Careful when benchmarking various BLAS and LAPACK libraries

Something that I've noticed while benchmarking various BLAS and LAPACK libraries is the implementation decision by the various vendors as to the number of processors that are utilized by default. There are a number of different versions of these popular libraries but the most widely used ones are ACML (from AMD), ATLAS (from sourceforge), MKL (from Intel), and the Sun Performance Library (from Sun).

All these implementations save for MKL take the conservative approach of using a single processor by default. MKL check the number of available processors in the system and uses that number by default. Unfortunately, this causes some confusion to users since many are not familiar with the various libraries.

I've received a number of e-mails from users who were concerned that it appeared that the Sun Performance Library was being outperformed by MKL by a factor of 2 or 4 or 8. Investigation usually results in finding out that the user is running some simple benchmark and leaving all the default settings causing MKL to use 2 or 4 or 8 processors in the system while Perflib is using only one. I received a similar message just this morning from a user asking about the same behavior whilst using ACML vs MKL on an X4100M2 (a server based on AMD chips).

Conversely, I've also run into cases where this decision has been detrimental to MKL performance since the opportunistic nature of the MKL implementation caused over subscription of the machine(s) being benchmarked. One notable example is when running a user was running distributed application which called the ScaLAPACK library. The nodes in the cluster all had 4 processors and there were 4 nodes in the cluster. The (correctly in my opinion) specified a processing grid of 4 x 4 processors. The MKL linked application appeared to run at half the speed of the application linked to both ACML and Sun Performance Library. It even underperformed the application linked to the ATLAS library.

This issue has been a source of discussion from time to time over the years in staff meetings. Sun comes from a 'big iron' super computing background and being a good system citizen in a shared environment is an important feature. I don't know what conversations happen at the MKL staff meetings but since Intel comes from more of a single-user background, where a dedicated machine is the norm, perhaps this explains the difference in implementation.

At any rate, it's important to know and understand these subtle implementation details when benchmarking various machines and the variety of linear algebra offerings so that you get a clear understanding of the performance you can expect in a production environment.

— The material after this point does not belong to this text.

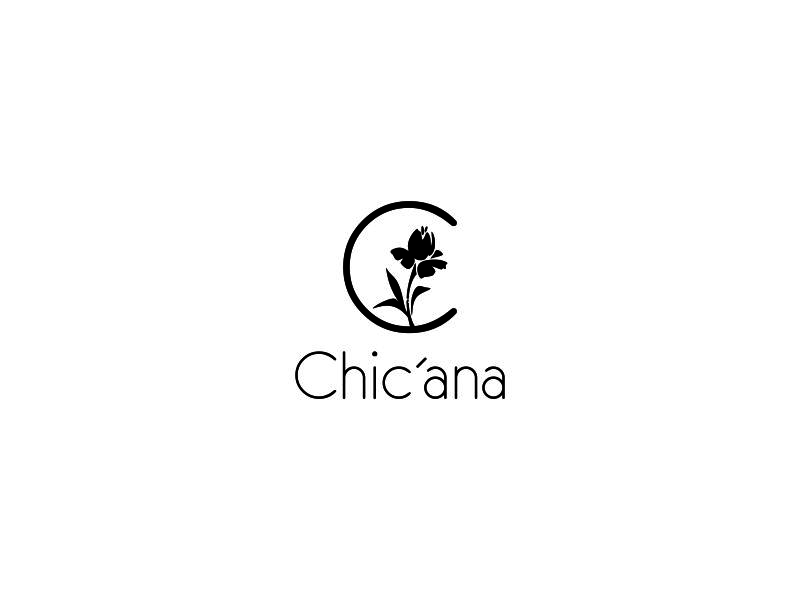 Chic’ana logo design by peundeuyArt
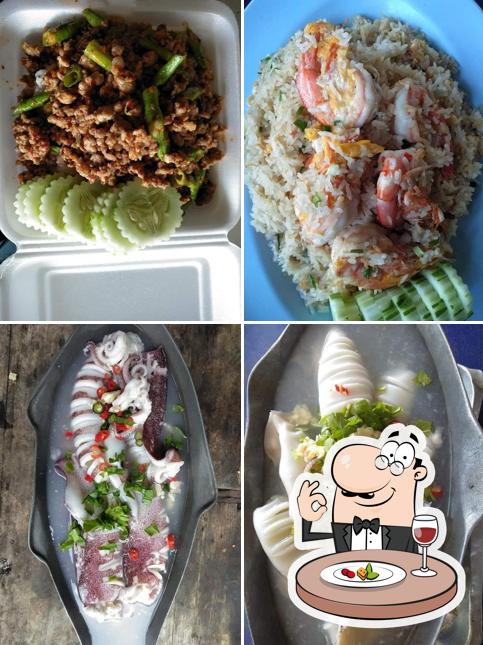 เกล็ดปลาเผา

Since all the libraries mentioned are OMP based, the number of processors used can all be controlled using the OMP_NUM_THREADS environment variable. If you don't want to keep track of the default behavior of each of these libraries, it's probably prudent to specifically control the number of threads used in all cases.

For example, in the c shell to use a single thread :

% setenv OMP_NUM_THREADS 1

In the korn shell or bash :

% export OMP_NUM_THREADS=1

Comments:

> Sun comes from a 'big iron' super computing background and being a good system citizen in a shared environment is an important feature.

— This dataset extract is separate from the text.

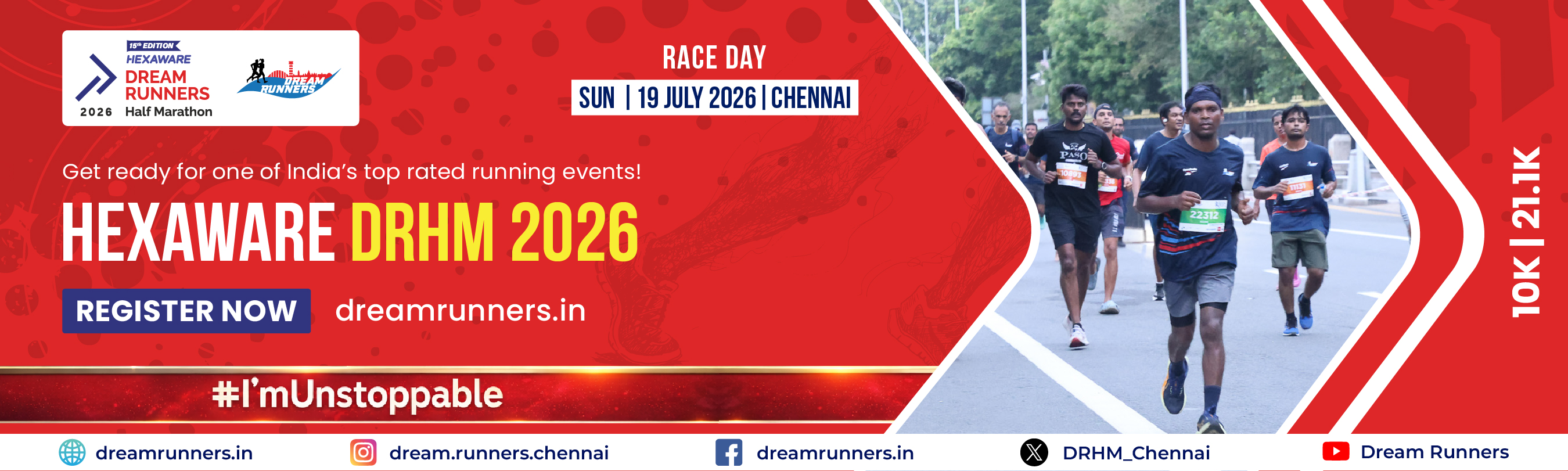 Hexaware Dream Runners Half Marathon 2026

That doesn't apply to all Sun products. For instance, java, since 1.5, looks at the size of the system and starts by default with adapted options, which is an issue on systems with other users.

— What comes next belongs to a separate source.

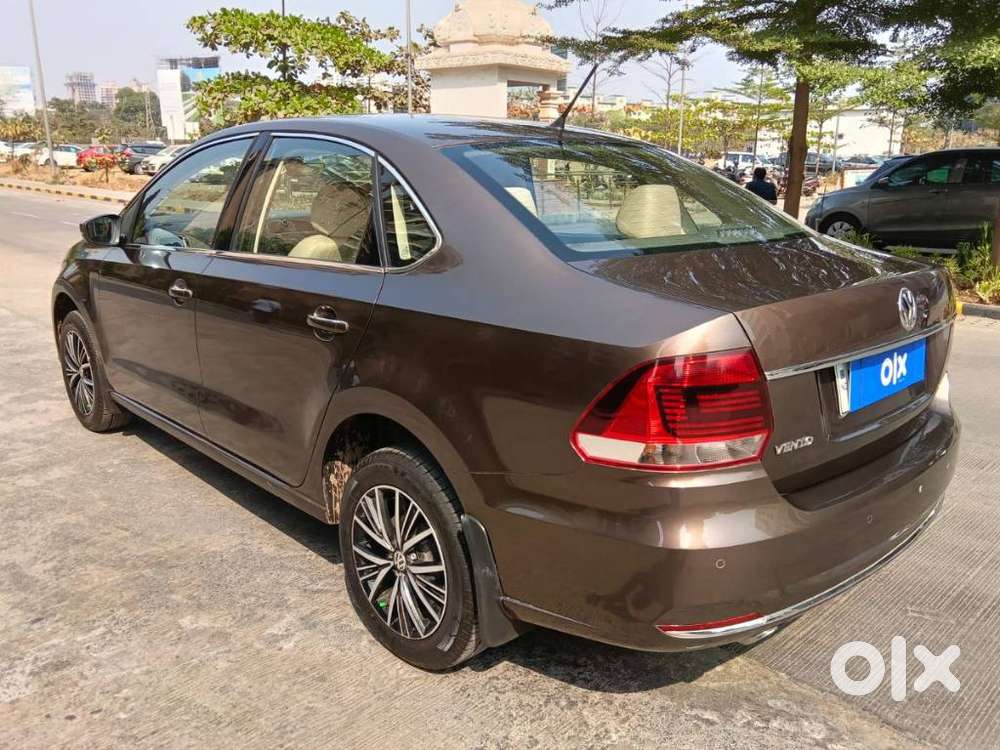 Volkswagen Vento 1.6 Highline Plus 16 Alloy, 2019, Petrol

Posted by Marc on February 19, 2009 at 11:09 PM MST #

I didn't mean to imply that my statements were to apply to all Sun products. I was simply speculating on what may be a reason for the different implementation decision as it pertains to BLAS and LAPACK. Either decision is valid and each is 'right' under specific conditions. The post was merely pointing out that there is a difference and users will do well to keep that in mind.

Thanks for your comments.

Posted by Paul on February 19, 2009 at 11:30 PM MST #

And I didn't mean to sound like I was contradicting you, merely adding a not-so-important comment.

Interesting post by the way, there is too much broken benchmarking done nowadays.